> [Assigned task] Retype each entry exactly. Skip any pictures.

Crawled caption data
-*-

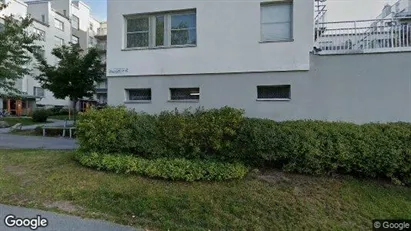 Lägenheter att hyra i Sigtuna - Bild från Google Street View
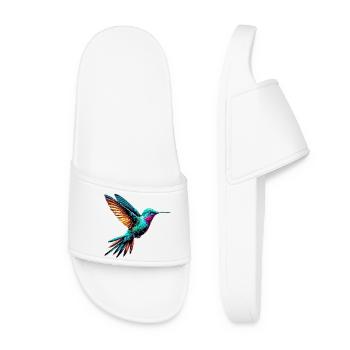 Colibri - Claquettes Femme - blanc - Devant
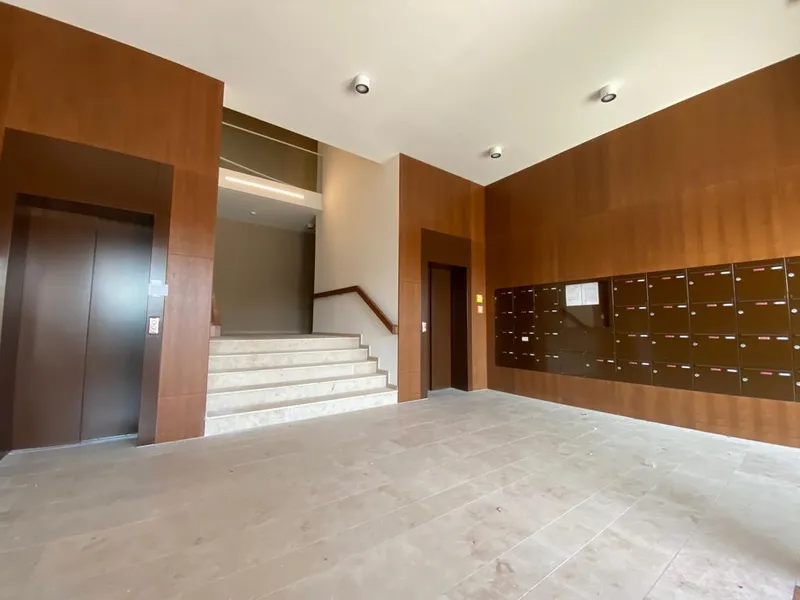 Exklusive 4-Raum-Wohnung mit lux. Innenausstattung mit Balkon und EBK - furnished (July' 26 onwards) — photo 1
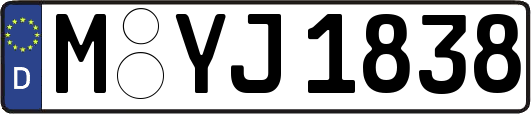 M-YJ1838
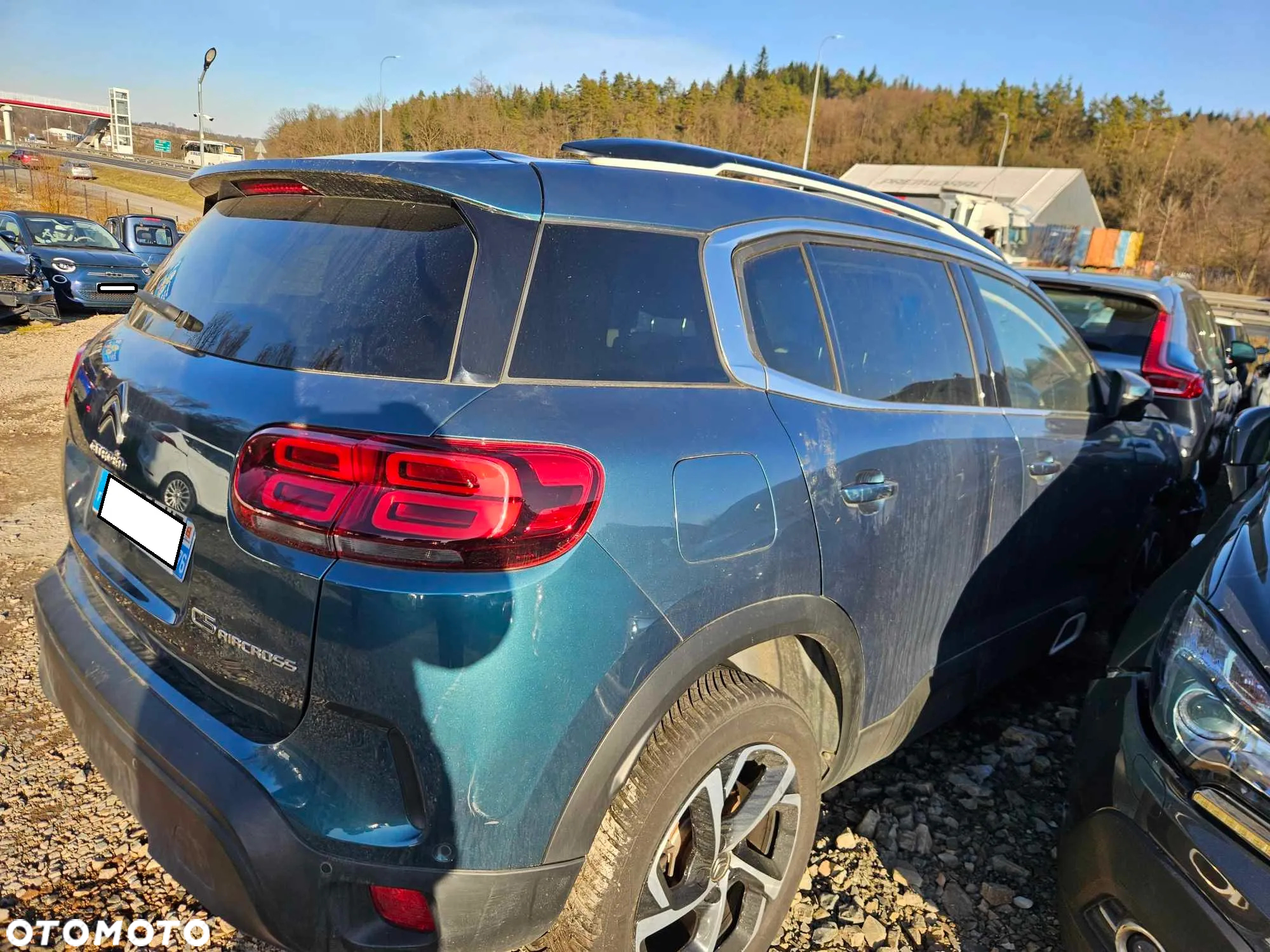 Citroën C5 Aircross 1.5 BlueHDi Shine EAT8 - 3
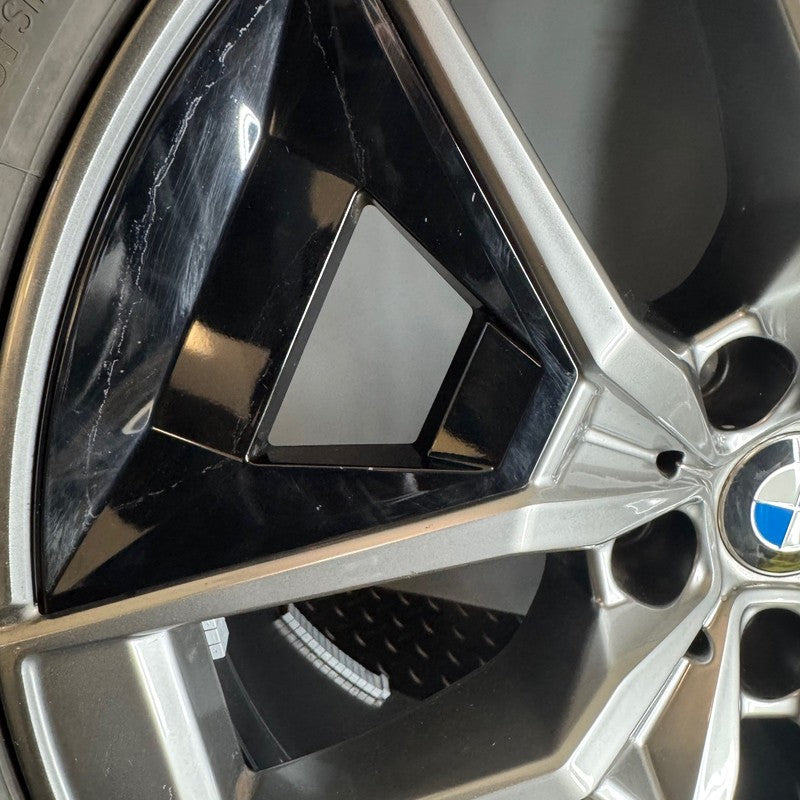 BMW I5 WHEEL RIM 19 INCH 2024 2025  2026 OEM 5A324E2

-*-

> [Exercise result]
 Lägenheter att hyra i Sigtuna - Bild från Google Street View
 Colibri - Claquettes Femme - blanc - Devant
 Exklusive 4-Raum-Wohnung mit lux. Innenausstattung mit Balkon und EBK - furnished (July' 26 onwards) — photo 1
 M-YJ1838
 Citroën C5 Aircross 1.5 BlueHDi Shine EAT8 - 3
 BMW I5 WHEEL RIM 19 INCH 2024 2025  2026 OEM 5A324E2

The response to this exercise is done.